M. Cavusoglu a en outre affirmé que les activités d’Ankara en Méditerranée orientale visaient à “protéger les intérêts de la Turquie et des Chypriotes-turcs”.
“Nous avons nos divergences sur ces sujets mais si vous venez ici pour accuser la Turquie alors que étions convenu de discuter de ces dossiers, je suis obligé de répondre”, a-t-il ajouté, qualifiant à plusieurs reprises les propos de son homologue grec d'”inacceptables”.
Il a en outre accusé la Grèce de discrimination contre ses la minorité turque sur son territoire.
“En Turquie, nous reconnaissons la minorité grecque orthodoxe comme grecque-orthodoxe. Mais vous dites que les Turcs (de Grèce) qui eux-mêmes se considèrent comme turcs ne sont pas turcs mais seulement des musulmans”, a-t-il pesté.
“Sur la minorité musulmane: c’est le traité de Lausanne (de 1923) qui stipule (qu’il s’agit bien d’une minorité musulmane), et ce traité est en vigueur”, a répliqué M. Dendias, qui avait rencontré mercredi à Istanbul le patriarche de Constantinople, figure majeure du monde orthodoxe.

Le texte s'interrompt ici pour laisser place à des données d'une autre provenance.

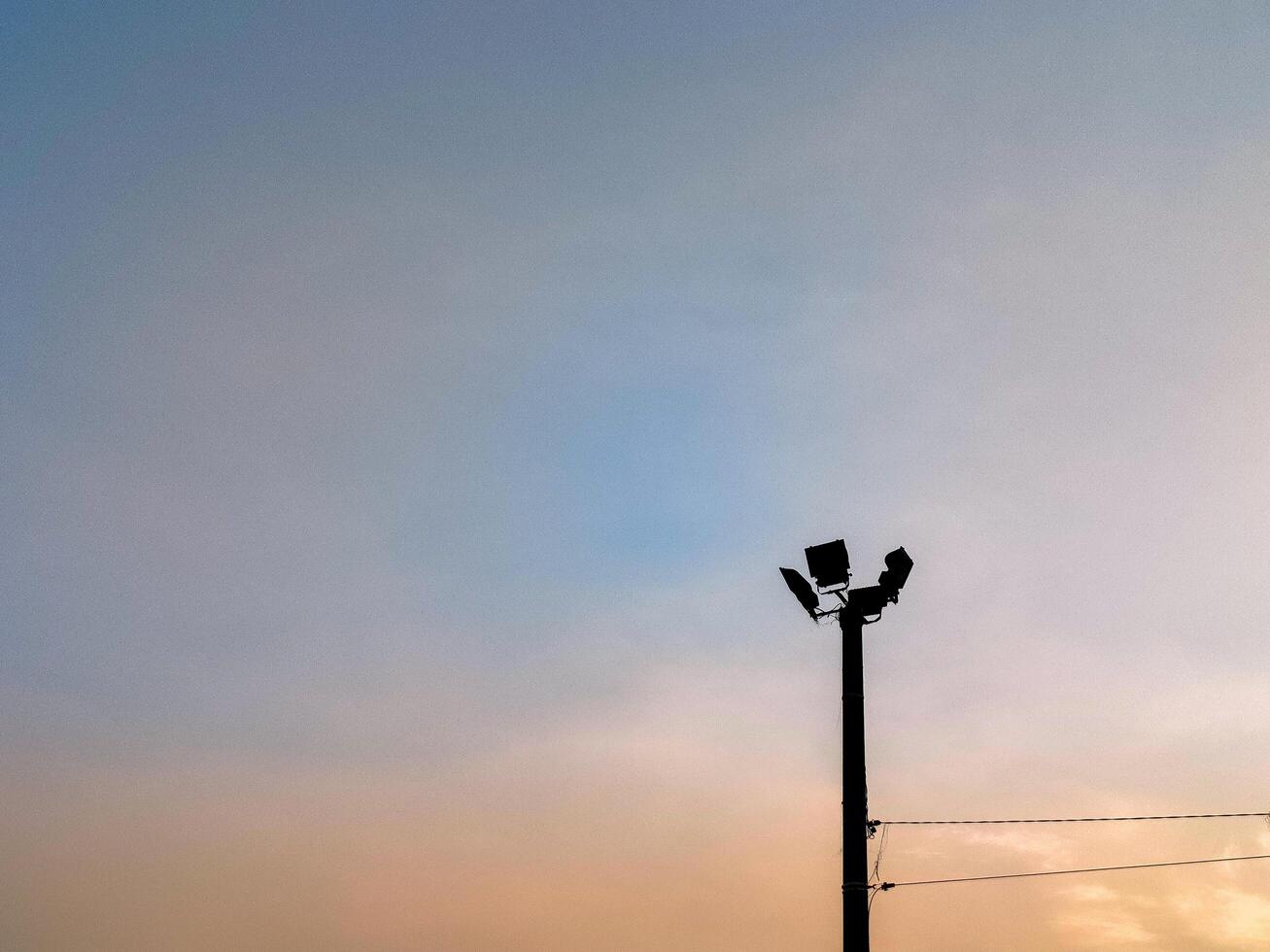 spotlight pole with sky background photo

Les tensions entre les deux pays voisins et membres de l’Otan, aux relations historiquement délicates, se sont aggravées ces dernières années en raison de forages gaziers effectués par la Turquie dans des eaux grecques en Méditerranée orientale.
Leurs relations sont aussi empoisonnées par des griefs réciproques sur le traitement des minorités musulmane en Grèce et orthodoxe en Turquie, ainsi que par la gestion des flux migratoires aux frontières terrestres et maritimes des deux pays.
Dans ce contexte, des responsables grecs et turcs ont repris cette année des discussions “exploratoires” afin d’aplanir certains de leurs différends mais ces pourparlers n’ont enregistré aucune avancée.